Twelve years ago in 2006, as I tried to navigate through the chaos of packing and moving to Kazakhstan, I found myself faced with the tough task of deciding which books to take. While it may seem silly in today’s era of ubiquitous Wi-Fi, smartphones and e-readers, having English-language reading material was a very real concern. Recently reflecting on that time helped me create a short list of favorites. If I were stranded on a desert island, these are the travel-related books I would want:
5. The Great Railway Bazaar by Paul Theroux – Because I love train travel, I have read many of this prolific writer’s travelogues. However, this story of his 1973 original overland long-distance loop from London to Japan and back is my favorite. Full of interesting places like Iran, Afghanistan and the Soviet Union, it also features unforgettable characters like Duffill, Molesworth and Mr. Bernard. We even use his made-up verb duffill (to be left stranded on a train platform) in our family lexicon!
4. Around the World in 80 Days by Jules Verne – All my life I had heard of Phileas Fogg’s incredible journey, but it was not until a few years ago that I actually read his story. This fast-moving eastbound race against time set in the Victorian period is full of great characters, unusual twists and a wonderful ending. It is also fun to imagine traveling in that era as compared to today’s modern modes.
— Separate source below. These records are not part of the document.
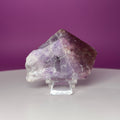 Super 7 Polished Specimen on Acrylic Stand | Brazilian Crystal Display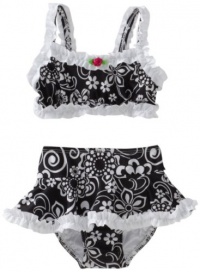 Penelope Mack Baby-girls Infant Two Piece Alexandria Swimsuit, Black, 18 Months Penelope Mack Baby-girls Infant Two Piece Alexandria Swimsuit, Black, 18 Months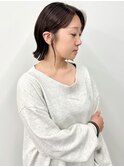 艶髪ボブハッシュカット外はねボブミディアムボブ20代30代40代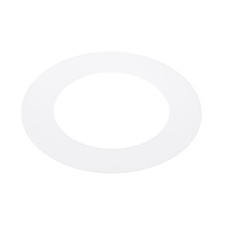 3.2" ID 4.9" OD Plastic Trim Ring Translucent Matte White Goof Rings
3. Following the Equator by Mark Twain – A nice contrast to Jules Verne’s 80 Days in which the author transits the globe at a more leisurely pace in the opposite direction, yet in roughly the same historical era. Yes, it is quite a lengthy tome, but the plethora of sidebar stories is the primary reason I selected it. The real charm of the book lies not in the places visited, but in these seemingly random humorous anecdotes, as told by different characters Twain meets along the way. The story about the visiting professor from New Zealand dropping in at Yale is a personal favorite.
2. The Acts of the Apostles by St. Luke – This travel-oriented book from the New Testament reads like a novel and features everything from shipwrecks to snakebites. Set in the first century Roman Empire, much of it chronicles the Apostle Paul’s four different overland and sea journeys throughout the eastern Mediterranean to Cyprus, Asia Minor, Macedonia, Greece, Malta and Italy. Part of the enjoyment for me is having visited many of these places while living in Turkey.
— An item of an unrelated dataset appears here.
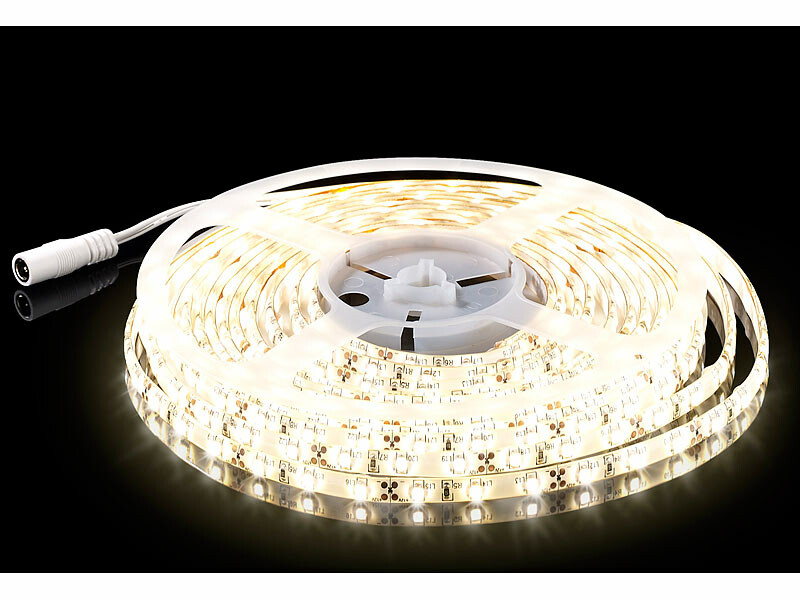 Ruban LED lumière unicolore pour secteur 230V, 3m, étanche IP65, Réglettes  et rubans LED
1. In a Sunburned Country by Bill Bryson – Like Theroux, Bryson has written quite a few travel books, but this one about his actual Australian adventures gets my vote as his best. When I lived in Kazakhstan and dealt with five months of winter, re-reading this book on forty-below zero nights was one of my coping strategies. Bryson’s self-deprecating humor is beyond hilarious at times, and his description of listening to a cricket match on the radio is simply sidesplitting.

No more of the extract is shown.